* **INSTRUCTIONS FOR THE TASK**: Find how many lines of the listing below include the word "with", then report the number by itself.

* **RECORDS TO PROCESS**:
= = = = = = =

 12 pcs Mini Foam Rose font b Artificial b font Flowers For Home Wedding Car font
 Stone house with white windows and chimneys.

= = = = = = =

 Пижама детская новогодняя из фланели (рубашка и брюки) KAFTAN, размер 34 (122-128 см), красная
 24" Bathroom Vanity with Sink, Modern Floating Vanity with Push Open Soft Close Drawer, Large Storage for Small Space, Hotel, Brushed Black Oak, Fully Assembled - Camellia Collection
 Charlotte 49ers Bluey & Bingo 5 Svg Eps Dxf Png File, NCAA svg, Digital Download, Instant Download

= = = = = = =

* **ANSWER BOX**: 2